**WHAT YOU SHOULD DO**
In the listing below, transcribe the line that contains "Picture of Porsche Cayenne 2018" and all lines following it, ending with the last line. Add nothing.

**INPUT**
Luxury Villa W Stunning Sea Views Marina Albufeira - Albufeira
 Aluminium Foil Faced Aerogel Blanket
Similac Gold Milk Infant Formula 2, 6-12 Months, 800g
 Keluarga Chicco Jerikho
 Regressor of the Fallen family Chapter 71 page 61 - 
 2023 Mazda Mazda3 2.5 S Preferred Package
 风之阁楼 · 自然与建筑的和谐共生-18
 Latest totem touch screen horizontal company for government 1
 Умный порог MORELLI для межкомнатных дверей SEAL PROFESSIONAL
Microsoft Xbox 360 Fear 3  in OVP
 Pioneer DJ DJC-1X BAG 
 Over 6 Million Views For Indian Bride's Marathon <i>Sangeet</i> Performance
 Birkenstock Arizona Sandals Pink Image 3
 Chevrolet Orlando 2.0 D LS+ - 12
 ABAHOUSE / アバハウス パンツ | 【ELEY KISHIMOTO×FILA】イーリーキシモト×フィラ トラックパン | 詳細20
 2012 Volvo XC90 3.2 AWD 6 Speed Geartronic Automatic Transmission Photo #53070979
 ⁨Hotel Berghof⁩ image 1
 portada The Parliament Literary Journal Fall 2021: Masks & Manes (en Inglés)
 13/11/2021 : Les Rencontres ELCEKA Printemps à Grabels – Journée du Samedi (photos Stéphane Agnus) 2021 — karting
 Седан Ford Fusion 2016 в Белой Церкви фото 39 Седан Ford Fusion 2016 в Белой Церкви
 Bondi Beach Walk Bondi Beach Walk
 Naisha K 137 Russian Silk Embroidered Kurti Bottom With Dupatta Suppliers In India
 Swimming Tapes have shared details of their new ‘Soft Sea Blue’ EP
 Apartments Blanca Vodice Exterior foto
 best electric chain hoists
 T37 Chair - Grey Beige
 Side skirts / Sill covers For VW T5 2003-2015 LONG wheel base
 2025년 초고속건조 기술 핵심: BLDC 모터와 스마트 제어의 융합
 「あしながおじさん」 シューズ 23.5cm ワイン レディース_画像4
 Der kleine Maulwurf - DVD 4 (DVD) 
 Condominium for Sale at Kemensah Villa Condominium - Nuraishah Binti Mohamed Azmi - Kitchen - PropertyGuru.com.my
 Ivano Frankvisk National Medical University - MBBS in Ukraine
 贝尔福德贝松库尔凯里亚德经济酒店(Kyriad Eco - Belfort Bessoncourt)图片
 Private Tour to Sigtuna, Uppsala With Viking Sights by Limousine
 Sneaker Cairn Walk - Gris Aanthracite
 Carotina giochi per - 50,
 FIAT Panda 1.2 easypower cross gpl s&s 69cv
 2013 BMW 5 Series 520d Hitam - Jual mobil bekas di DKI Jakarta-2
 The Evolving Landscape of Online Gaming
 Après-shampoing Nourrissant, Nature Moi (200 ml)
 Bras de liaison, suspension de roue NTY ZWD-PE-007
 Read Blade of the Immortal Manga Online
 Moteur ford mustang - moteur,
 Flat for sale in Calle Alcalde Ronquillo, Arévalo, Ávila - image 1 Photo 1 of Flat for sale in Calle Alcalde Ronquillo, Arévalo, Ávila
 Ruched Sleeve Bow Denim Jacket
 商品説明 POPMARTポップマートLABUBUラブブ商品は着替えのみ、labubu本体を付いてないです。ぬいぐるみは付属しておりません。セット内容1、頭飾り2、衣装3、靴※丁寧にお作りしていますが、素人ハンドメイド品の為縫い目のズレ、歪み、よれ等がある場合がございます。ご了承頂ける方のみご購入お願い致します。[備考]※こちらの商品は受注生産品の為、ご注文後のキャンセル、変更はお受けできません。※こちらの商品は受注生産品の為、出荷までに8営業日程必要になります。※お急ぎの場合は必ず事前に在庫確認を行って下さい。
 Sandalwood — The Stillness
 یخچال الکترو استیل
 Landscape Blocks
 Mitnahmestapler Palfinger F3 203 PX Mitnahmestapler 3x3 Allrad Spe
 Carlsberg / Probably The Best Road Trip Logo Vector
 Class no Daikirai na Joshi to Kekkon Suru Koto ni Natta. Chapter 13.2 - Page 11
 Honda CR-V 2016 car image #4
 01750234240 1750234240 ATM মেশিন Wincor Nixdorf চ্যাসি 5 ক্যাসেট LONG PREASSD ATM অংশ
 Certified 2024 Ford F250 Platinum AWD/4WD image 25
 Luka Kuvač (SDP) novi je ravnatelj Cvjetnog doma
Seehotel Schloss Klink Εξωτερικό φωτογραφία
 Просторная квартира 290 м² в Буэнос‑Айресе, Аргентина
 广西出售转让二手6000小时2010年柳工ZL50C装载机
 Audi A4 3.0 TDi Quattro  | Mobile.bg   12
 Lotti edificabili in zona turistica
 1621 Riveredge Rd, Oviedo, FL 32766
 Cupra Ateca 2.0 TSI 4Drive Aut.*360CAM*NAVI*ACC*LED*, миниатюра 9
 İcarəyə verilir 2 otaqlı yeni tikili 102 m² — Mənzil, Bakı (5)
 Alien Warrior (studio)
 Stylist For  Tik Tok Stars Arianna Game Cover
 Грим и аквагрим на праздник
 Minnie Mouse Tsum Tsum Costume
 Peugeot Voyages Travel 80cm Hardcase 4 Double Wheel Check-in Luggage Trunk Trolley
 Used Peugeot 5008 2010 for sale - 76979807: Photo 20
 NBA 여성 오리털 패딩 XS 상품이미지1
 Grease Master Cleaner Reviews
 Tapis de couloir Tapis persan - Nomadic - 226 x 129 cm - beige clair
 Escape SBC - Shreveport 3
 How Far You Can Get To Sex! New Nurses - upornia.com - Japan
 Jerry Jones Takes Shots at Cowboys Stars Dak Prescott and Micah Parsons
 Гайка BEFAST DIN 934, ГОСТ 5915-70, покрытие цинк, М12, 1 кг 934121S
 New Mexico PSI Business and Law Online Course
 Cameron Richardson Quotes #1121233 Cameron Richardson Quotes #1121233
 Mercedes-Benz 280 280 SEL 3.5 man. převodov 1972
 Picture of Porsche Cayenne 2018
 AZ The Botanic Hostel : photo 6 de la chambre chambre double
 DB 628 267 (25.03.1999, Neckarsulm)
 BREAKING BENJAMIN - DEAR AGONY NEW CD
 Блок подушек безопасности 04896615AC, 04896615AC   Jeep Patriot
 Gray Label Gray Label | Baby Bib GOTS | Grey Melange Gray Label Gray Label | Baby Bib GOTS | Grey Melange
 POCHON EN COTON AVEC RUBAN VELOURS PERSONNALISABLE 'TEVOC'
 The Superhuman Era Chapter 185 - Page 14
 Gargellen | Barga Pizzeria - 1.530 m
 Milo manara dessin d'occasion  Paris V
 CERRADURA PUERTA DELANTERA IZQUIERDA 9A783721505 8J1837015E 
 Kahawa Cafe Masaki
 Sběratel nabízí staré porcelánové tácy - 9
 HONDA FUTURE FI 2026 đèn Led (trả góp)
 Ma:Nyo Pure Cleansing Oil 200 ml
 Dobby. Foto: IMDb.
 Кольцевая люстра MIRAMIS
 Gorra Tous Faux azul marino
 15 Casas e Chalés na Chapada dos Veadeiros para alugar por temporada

**SOLUTION**
 Picture of Porsche Cayenne 2018
 AZ The Botanic Hostel : photo 6 de la chambre chambre double
 DB 628 267 (25.03.1999, Neckarsulm)
 BREAKING BENJAMIN - DEAR AGONY NEW CD
 Блок подушек безопасности 04896615AC, 04896615AC   Jeep Patriot
 Gray Label Gray Label | Baby Bib GOTS | Grey Melange Gray Label Gray Label | Baby Bib GOTS | Grey Melange
 POCHON EN COTON AVEC RUBAN VELOURS PERSONNALISABLE 'TEVOC'
 The Superhuman Era Chapter 185 - Page 14
 Gargellen | Barga Pizzeria - 1.530 m
 Milo manara dessin d'occasion  Paris V
 CERRADURA PUERTA DELANTERA IZQUIERDA 9A783721505 8J1837015E 
 Kahawa Cafe Masaki
 Sběratel nabízí staré porcelánové tácy - 9
 HONDA FUTURE FI 2026 đèn Led (trả góp)
 Ma:Nyo Pure Cleansing Oil 200 ml
 Dobby. Foto: IMDb.
 Кольцевая люстра MIRAMIS
 Gorra Tous Faux azul marino
 15 Casas e Chalés na Chapada dos Veadeiros para alugar por temporada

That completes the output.